Iain Coleman offered me a guest post on Star Cops ever so slightly too late to make it in for the holiday run of them I did, so I held it for later. Since running one this week massages my schedule such that all the Children of Earth entries fall into the same writing week, here it is.
It is 6 July 1987. The Pet Shop Boys are at number one with “It’s a Sin”, having knocked The Firm’s “Star Trekkin’” off the top spot a week earlier. The European Community has passed the Single European Act, a key step towards the European Union as we know it today, and a court in Lyon has sentenced the city’s former Gestapo leader Klaus Barbie to life imprisonment for crimes against humanity. And at 8:30 pm on BBC 2, the first episode of Star Cops is broadcast.

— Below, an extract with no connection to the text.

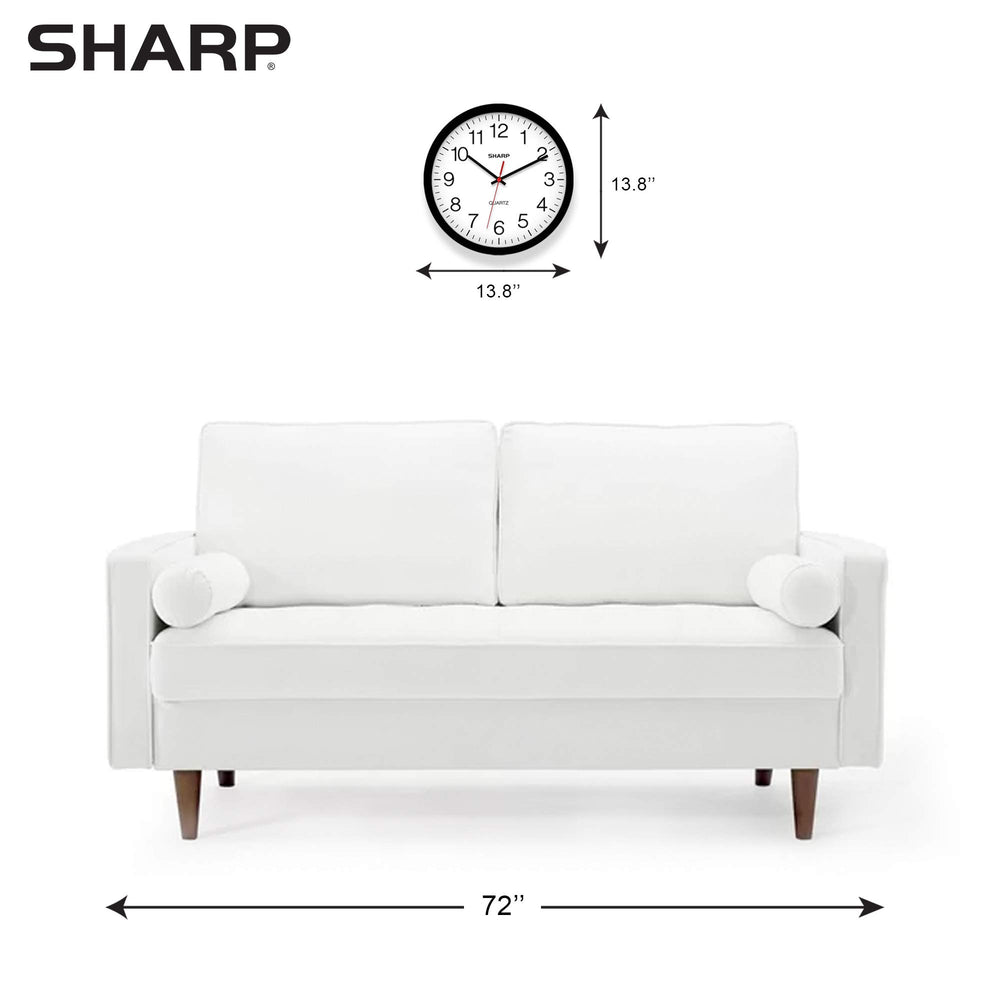 Lentille en verre Sharp se nettoie facilement et protège du poussière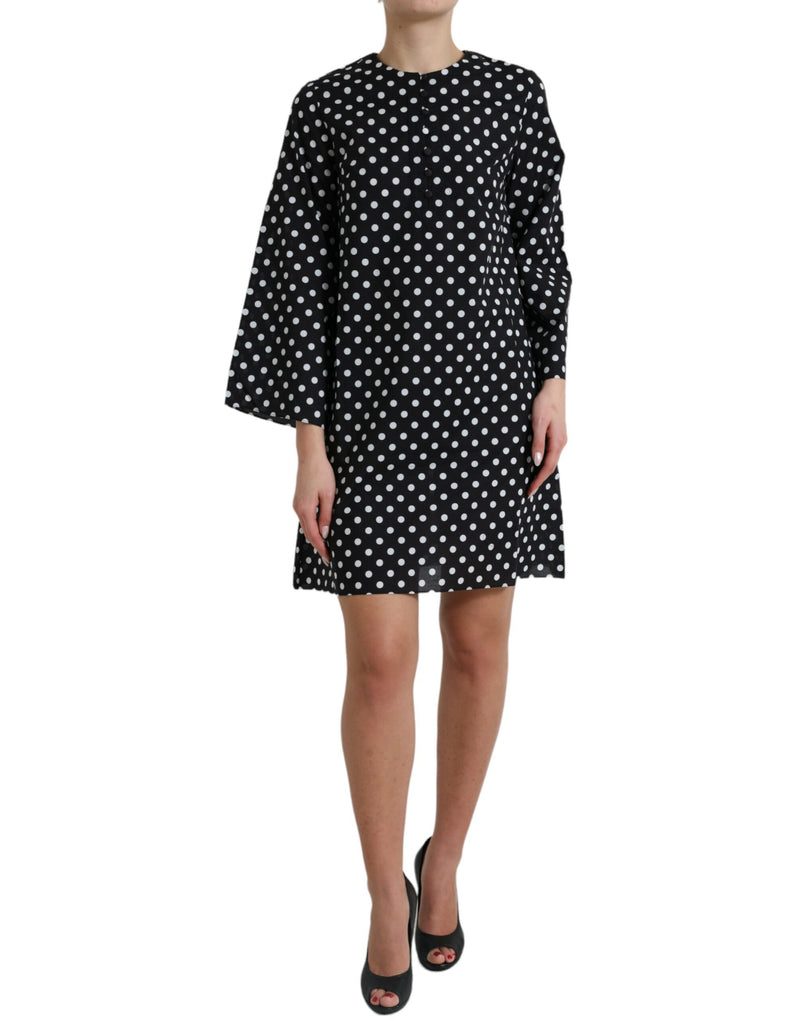 Dolce & Gabbana Elegant Polka Dot Shift Mini Women's Dress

Star Cops was created by Chris Boucher, who wrote five of the nine broadcast episodes. By this time, Boucher was an old hand at TV SF, having written three well-received Doctor Who serials before moving to Blake’s 7, where he was script editor on all four seasons as well as writing that show’s best episodes. After killing off Blake and his crew he had moved on to script editing established BBC police dramas Juliet Bravo and Bergerac.
As a cop show set in outer space, Star Cops combined both major strands of Boucher’s career. With its blending of genres, it was intended to appeal to a cross-over audience. Unfortunately, it never achieved high ratings and met with limited critical acclaim. Its initial nine-episode run was never repeated, and there was no second series.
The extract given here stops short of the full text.